[Exercise instructions]:
In the records below, take the line containing "Плитка настенная Marazzi" and reproduce it and every subsequent line exactly, adding nothing.

++++

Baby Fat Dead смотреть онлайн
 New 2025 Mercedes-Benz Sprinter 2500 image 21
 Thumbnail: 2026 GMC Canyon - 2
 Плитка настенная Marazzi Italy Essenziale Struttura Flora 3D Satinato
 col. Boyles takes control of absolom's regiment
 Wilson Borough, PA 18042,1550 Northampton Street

++++

[Output for this task]:
 Плитка настенная Marazzi Italy Essenziale Struttura Flora 3D Satinato
 col. Boyles takes control of absolom's regiment
 Wilson Borough, PA 18042,1550 Northampton Street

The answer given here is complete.